By Jayne Hanson
It is among the Havasu Pioneers Reunion members where Lake Havasu City’s possibly only and first urban legend originates – the arrival of Havasu’s first fly that was brought to town by the circus. Even without a date, the circumstance is just one story that coaxes the nostalgia that draws them to gather.
“It’s the history and love of the town,” said Toni Trembley-Ade, Havasu Pioneers Reunion president, “It’s about honoring those first-generation pioneers. They’re very proud because the Havasu pioneers now are on their fifth-generation.”
In all, about 250 Havasu pioneers turned up for a luncheon at London Bridge Convention Center on Saturday in Lake Havasu City. To be considered a true Havasu pioneer, an individual would’ve moved to town between 1963 and 1973. The reunion is every two years and has grown from yesteryear’s casual get-together to an organized, large-scale reunion today.
Trembley-Ade, a second-generation Havasu Pioneer, was 13 years old when she arrived alongside her parents in 1971. She recalls eighth-grade graduations being held in Wheeler Park until the London Bridge was completed and dedicated in 1971. Then it was there the community celebrated such milestones, including Trembley-Ade’s class graduation from Lake Havasu City High School in 1976.
“The population is a big change,” Trembley-Ade said of Havasu. “The Nautical was the public beach back then, it was the best in town.

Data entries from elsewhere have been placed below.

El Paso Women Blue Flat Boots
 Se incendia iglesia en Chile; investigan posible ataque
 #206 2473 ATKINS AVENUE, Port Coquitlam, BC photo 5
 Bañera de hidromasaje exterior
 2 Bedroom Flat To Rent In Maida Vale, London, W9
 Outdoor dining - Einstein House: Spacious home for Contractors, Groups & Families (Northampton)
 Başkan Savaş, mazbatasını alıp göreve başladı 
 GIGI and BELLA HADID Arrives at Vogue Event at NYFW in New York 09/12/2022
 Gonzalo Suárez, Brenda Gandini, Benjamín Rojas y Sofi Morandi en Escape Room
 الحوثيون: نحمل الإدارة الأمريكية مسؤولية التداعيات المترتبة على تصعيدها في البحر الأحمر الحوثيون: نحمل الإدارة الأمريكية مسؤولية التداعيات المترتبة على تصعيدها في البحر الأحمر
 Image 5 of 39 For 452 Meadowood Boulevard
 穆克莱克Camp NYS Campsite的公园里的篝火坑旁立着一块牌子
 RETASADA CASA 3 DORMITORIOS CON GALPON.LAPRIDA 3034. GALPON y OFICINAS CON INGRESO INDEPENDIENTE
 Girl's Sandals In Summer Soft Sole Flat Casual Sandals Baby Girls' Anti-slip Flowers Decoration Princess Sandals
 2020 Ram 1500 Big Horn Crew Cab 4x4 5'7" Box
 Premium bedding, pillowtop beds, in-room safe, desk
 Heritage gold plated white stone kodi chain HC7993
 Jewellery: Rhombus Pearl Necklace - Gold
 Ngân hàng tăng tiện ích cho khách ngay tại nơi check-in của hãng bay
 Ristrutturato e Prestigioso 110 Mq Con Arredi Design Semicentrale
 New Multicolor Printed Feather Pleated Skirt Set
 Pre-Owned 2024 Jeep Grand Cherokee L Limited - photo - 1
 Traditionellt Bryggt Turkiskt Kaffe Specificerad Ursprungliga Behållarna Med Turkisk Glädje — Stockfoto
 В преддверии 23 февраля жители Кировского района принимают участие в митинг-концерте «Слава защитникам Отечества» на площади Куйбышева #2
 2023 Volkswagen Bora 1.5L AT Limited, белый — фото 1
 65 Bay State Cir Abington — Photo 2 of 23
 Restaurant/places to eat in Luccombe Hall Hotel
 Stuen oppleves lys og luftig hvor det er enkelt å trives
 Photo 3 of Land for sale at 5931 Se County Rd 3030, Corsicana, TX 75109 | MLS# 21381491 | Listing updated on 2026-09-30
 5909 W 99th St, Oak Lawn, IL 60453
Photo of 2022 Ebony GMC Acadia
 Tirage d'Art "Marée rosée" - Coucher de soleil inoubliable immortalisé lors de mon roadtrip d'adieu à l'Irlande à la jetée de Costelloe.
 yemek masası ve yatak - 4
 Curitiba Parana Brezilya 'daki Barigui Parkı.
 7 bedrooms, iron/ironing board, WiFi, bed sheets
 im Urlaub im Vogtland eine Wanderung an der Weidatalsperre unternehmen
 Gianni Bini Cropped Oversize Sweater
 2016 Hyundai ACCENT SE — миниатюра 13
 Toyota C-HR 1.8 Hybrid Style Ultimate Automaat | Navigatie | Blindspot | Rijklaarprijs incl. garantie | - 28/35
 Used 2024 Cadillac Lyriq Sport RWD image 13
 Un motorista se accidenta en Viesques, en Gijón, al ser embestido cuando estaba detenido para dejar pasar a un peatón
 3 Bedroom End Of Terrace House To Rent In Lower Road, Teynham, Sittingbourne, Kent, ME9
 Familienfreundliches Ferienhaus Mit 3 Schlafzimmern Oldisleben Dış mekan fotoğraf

Ask anyone in the 1970s, they had grass and an air-conditioned beach.”
The novelty simply was misters in the trees but The Nautical used it as an advertisement hook, she said.
“Rotary Park wasn’t a developed area, it was all tullies,” Trembley-Ade said. “We would drive our cars right down to the beach and would tailgate there at the beach.”
Havasu Pioneer Carol Boyce (Iram) was 14 years old when she moved to Havasu from Oregon. Her step-father was Captain Paul Kirk, the first Harbor Master in the late 1960s.
“It was at Site Six, there was a tour boat that he would take the people around who flew in on the McCulloch flights,” Boyce said. “I used to babysit for them, too.”
Boyce recalled travelling by bus to Kingman to attend high school. On school days, it was a 6 a.m. departure that put them in Kingman about 7:30 a.m. just before school started at 8 o’clock. Afterwards, the Havasu students waited for their bus to deliver the Kingman students home before swinging back by to load up for the Havasu run. They generally would arrive home in Havasu by 6 p.m.
“That bus was my social life,” Boyce said. “It was a fun place to grow up. It was fun being a teenager here with school and boating and swimming and babysitting.”
Boyce travelled from Massachusetts to attend the reunion.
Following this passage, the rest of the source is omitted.